The CBS4 investigations dated back to April and quoted current and former parole officers as saying high risk parolees were removed from intensive supervised parole or never placed on it in the first place due to ‘program caps’ and ‘fiscal restraints’ within the agency.

That type of parole is the most rigorous requiring electronic monitoring and regular contact with parole officers. It is also the most costly form of parole.

“For as long as I can remember,” said one former parole officer, “We were always told, ‘We’re out of money and we need to take offenders off ISP’ and it had to be done immediately.”

At the time, Alison Morgan, a spokesperson for the Department of Corrections, dismissed the CBS4 Investigations and the firsthand accounts of numerous current and former parole officers.

“It’s not accurate,” said Morgan. “It’s just not there, that’s why it was important to come and say on the record it’s not our policy, it’s not our practice and it’s not what we’re doing. Public safety isn’t about dollars.”

But at a news conference Friday, the agency reversed course acknowledging that for years, parole officers and supervisors had been removing offenders from ISP due to perceived budget problems.

“If there’s a person being taken off ISP for fiscal reasons only, that’s wrong,” said Rick Raemisch, Executive Director of the Department of Corrections.
“I can’t stand up here and justify that.”

Raemisch said previous misstatements by the DOC were because “people were given the wrong information from the wrong level.”
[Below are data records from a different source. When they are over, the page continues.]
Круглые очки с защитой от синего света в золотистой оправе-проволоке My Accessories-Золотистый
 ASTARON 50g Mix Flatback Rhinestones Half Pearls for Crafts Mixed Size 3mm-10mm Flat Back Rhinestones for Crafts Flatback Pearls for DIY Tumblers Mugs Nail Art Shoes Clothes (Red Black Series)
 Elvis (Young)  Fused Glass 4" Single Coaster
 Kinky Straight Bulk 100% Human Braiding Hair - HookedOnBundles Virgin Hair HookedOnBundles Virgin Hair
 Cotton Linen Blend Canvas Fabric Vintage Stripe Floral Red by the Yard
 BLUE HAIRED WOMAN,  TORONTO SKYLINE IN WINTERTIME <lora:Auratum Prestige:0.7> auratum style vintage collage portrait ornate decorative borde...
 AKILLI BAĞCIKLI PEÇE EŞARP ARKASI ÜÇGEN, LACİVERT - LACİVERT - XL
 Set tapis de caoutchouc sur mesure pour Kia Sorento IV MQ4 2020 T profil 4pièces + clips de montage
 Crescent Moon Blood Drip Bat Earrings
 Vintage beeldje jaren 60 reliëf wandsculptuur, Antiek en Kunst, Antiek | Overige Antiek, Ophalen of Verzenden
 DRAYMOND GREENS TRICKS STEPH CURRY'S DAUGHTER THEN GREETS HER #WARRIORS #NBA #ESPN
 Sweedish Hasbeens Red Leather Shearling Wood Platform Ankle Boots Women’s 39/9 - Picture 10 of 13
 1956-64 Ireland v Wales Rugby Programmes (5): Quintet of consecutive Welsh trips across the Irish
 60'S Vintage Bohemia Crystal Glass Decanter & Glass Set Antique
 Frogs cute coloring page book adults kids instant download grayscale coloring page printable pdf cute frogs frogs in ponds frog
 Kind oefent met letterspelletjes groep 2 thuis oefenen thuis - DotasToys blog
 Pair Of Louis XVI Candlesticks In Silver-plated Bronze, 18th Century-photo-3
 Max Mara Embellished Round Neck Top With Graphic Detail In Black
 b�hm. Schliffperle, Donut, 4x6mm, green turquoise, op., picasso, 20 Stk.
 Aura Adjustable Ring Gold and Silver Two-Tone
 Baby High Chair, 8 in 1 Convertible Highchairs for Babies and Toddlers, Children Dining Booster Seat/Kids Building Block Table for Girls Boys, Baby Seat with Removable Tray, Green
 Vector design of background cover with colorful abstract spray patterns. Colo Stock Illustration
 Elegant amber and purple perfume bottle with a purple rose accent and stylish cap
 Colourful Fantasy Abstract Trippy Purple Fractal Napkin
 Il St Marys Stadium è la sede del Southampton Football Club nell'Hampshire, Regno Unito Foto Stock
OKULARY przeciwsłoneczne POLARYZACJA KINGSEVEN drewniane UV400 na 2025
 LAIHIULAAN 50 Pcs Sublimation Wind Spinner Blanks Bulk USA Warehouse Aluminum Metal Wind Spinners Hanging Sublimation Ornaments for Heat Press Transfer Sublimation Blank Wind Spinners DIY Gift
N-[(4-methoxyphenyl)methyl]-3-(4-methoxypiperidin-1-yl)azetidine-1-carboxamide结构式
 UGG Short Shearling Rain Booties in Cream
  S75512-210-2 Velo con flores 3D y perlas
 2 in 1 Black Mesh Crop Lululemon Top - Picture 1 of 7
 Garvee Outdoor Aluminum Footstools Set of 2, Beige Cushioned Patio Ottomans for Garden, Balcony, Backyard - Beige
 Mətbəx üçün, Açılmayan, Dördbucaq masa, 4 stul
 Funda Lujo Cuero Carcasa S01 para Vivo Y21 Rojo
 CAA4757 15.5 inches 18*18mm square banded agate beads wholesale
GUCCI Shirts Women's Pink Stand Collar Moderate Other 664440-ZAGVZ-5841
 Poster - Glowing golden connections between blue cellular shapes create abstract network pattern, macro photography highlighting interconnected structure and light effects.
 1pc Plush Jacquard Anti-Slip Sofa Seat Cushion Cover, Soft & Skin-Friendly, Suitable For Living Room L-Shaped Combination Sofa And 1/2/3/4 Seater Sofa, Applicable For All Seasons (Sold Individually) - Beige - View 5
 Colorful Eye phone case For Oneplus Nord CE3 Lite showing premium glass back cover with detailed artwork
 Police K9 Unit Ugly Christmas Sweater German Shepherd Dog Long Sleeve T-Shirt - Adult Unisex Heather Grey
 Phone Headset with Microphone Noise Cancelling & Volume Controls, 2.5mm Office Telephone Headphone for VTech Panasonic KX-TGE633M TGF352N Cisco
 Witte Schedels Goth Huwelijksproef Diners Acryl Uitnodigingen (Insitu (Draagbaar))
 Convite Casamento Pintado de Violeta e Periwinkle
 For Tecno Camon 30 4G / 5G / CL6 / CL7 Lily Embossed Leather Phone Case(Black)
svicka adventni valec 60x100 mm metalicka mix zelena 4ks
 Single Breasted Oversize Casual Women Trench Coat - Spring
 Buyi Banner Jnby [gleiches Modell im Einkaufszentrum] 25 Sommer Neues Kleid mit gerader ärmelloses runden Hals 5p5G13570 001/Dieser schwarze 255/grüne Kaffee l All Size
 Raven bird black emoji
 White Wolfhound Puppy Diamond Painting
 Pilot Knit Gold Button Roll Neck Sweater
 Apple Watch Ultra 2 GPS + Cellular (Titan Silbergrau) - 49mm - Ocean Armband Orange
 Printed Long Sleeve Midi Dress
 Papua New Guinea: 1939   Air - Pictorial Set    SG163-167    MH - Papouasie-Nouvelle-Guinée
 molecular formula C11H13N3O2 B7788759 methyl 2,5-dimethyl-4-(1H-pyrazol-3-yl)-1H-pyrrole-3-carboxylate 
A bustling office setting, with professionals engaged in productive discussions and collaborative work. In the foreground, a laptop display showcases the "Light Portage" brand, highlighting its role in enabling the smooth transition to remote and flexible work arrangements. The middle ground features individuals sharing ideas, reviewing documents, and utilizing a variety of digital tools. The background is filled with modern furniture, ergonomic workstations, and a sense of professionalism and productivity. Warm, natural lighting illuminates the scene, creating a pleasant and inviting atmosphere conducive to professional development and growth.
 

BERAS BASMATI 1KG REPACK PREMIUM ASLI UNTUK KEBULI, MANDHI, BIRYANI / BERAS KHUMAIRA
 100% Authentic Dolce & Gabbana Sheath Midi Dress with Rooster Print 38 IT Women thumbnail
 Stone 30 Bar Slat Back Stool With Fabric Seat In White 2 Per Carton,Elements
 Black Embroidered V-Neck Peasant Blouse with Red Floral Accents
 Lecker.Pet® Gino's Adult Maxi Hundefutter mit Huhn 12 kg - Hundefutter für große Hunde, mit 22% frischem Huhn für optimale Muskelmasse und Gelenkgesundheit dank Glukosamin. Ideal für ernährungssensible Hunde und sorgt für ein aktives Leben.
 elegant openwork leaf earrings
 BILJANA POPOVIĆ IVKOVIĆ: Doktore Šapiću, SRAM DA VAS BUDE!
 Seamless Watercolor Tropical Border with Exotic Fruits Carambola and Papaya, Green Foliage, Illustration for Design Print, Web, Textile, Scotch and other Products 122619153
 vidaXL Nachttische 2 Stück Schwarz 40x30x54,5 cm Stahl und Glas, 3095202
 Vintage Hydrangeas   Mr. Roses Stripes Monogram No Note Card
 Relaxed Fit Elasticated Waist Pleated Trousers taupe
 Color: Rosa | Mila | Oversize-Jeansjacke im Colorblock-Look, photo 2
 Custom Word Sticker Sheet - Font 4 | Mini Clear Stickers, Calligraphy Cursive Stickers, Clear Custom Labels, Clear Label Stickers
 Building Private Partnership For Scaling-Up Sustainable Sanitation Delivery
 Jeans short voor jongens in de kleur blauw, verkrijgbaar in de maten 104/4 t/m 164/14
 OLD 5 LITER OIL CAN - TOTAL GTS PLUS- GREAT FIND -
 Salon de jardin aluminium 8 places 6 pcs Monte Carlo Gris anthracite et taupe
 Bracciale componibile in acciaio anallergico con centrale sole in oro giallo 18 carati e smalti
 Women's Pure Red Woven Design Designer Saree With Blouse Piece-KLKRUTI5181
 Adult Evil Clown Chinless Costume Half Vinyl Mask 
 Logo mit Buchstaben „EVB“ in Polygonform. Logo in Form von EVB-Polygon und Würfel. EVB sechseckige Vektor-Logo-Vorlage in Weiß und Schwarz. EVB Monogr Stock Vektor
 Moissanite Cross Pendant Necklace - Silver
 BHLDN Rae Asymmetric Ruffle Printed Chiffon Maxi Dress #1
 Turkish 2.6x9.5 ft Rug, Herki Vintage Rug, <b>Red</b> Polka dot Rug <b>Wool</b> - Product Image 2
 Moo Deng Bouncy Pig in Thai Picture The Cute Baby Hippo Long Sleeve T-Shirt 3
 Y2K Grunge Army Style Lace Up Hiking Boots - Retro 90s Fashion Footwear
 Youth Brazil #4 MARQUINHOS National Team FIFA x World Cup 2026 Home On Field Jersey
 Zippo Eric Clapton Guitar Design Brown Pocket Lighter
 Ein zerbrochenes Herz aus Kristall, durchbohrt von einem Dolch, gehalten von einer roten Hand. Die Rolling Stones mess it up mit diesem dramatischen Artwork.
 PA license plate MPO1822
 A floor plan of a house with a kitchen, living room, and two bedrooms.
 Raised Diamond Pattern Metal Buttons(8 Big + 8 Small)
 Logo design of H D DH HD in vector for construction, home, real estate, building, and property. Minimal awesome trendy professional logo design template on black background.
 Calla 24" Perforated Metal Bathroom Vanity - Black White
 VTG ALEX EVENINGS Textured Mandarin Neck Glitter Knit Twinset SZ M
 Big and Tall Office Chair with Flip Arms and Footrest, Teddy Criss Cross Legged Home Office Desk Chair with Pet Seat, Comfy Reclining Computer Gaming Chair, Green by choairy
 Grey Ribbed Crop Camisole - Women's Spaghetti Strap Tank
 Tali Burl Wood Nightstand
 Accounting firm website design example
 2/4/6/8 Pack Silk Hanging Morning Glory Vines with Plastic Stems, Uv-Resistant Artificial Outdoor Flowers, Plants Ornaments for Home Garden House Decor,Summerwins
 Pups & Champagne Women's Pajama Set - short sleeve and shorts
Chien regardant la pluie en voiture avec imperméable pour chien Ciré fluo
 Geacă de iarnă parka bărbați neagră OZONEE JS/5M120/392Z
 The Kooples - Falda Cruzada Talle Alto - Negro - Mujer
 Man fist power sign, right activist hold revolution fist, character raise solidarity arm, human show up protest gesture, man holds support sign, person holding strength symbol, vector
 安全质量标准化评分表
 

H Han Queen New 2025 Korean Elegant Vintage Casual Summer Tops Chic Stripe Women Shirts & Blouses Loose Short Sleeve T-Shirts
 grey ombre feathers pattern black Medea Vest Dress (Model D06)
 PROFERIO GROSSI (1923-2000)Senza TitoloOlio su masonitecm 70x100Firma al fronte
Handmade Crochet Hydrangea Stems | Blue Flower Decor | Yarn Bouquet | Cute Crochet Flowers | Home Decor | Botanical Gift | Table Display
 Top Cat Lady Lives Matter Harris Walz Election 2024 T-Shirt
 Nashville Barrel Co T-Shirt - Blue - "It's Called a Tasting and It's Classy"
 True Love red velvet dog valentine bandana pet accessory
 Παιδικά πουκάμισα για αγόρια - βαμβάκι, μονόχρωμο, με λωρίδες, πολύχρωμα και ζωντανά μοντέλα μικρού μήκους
Following the CBS4 reports, the Department of Corrections conducted its own investigation and concluded, “a final total of 1198 names in which the assigned parole officer noted the parolee was being removed from ISP because of budget reasons, or the parolee was not placed on ISP because of program caps… it appears the practice is widespread with no evidence of this practice occurring in only isolated areas of parole…”

The report goes on to state, ”The information indicates this practice to be a system wide business practice which was widely accepted, practiced for many years and continues to date.”

Now though, Raemisch said DOC will no longer downgrade the level of supervision received by parolees only based on budget considerations.

At the Friday news conference the state also released two reports by the National Institute of Corrections examining Colorado’s electronic monitoring of parolees and management of offenders. The reports suggest more training is needed for parole staff members.